# Word Based Tokenizer

- Split on some delimiter
- Most basically: split on whitespace.
- Split on punctuation and more tokens for more advanced behaviour. 

Depending on your delimiter, you will get different tokens with different meanings. 

In [14]:
python_zen = "Special cases aren't special enough to break the rules."
print(python_zen.split())

['Special', 'cases', "aren't", 'special', 'enough', 'to', 'break', 'the', 'rules.']


`rules.` will be different from `rules`, resulting in many tokens that represent the same. 

**We should probably split on punctuation as well**

In [21]:
from nltk.tokenize import wordpunct_tokenize, word_tokenize
print(wordpunct_tokenize(python_zen))

['Special', 'cases', 'aren', "'", 't', 'special', 'enough', 'to', 'break', 'the', 'rules', '.']


In [23]:
print(word_tokenize(python_zen))

['Special', 'cases', 'are', "n't", 'special', 'enough', 'to', 'break', 'the', 'rules', '.']

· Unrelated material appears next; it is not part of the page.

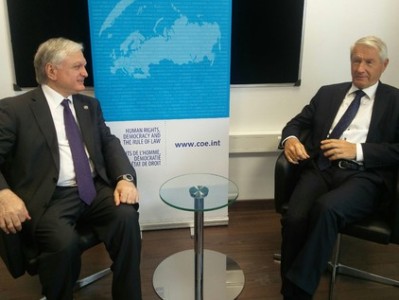 Глава МИД Армении: Нестандартное заявление сопредседателей Минской группы ОБСЕ четко указывает  виновную сторону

- `are` and `aren't` are still fairly simple, since `n't` is typically appended to negate something. 
- Having a rule to handle `n't` works well enough. 


However, this doesn't hold for other combined words. For example:

- `token` 
- `tokens`
- `tokenizer`
- `tokenization` 

all are unique tokens and get corresponding unique IDs. 

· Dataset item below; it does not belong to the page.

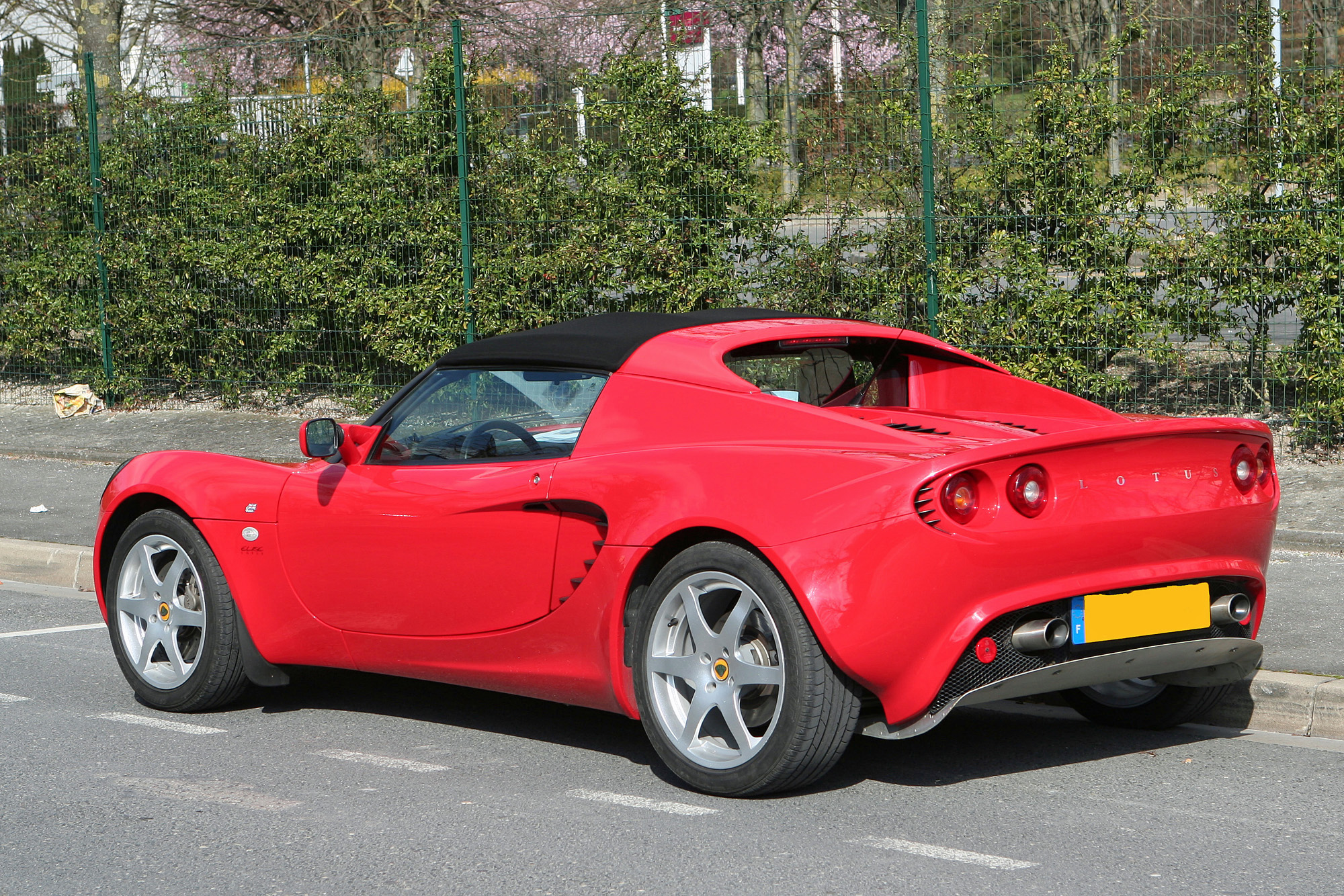 Lotus  Elise 2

This result in **a lot** of tokens!

A common way of dealing with this was to limit the vocabulary size. Typically, the $n$ most frequent words will be allowed in the vocab. 

# Character Based Tokenizers
These tokenizers are conceptually very simple. Each character is a token.

- `Small vocabulary`. For ASCII, 256. With unicode, this is 1.1M characters.
- No out of vocabulary (OOV) words/characters.
- Lose a lot of meaninful information
- Models typically have `max input lengths`

In [8]:
list('Cat')

['C', 'a', 't']

## Mapping to a vocabulary
The vocabulary of a text will be really simple, with one index mapping to a letter. 

In [5]:
dict(enumerate(list(python_zen)[:5]))

{0: 'C', 1: 'o', 2: 'm', 3: 'p', 4: 'l'}

# Character based tokenization of Chinese characters
*Disclaimer: I do not speak a word of chinese*

- Characters have meaning by themselves
- But can change by combining characters

For example:

[馬來西亞 means Malaysia, but taken separately they mean "Horse come to Western Asia".](https://medium.com/@jjsham/nlp-tokenizing-chinese-phases-3302da4336bf).

Some good reads that use character based tokenization:
1. [Neural Machine Translation in Linear Time. Kalchbrenner et al. 2017](https://arxiv.org/pdf/1610.10099.pdf)
2. [Fully Character-Level Neural Machine Translation without Explicit Segmentation - Lee et al. 2017.](https://aclanthology.org/Q17-1026.pdf)
3. [Learning to Generate Reviews and Discovering Sentiment - Radford et al. 2017.](https://arxiv.org/pdf/1704.01444.pdf)

From these papers, you can already see that these tokenizers were mainly used a while back, around 2017.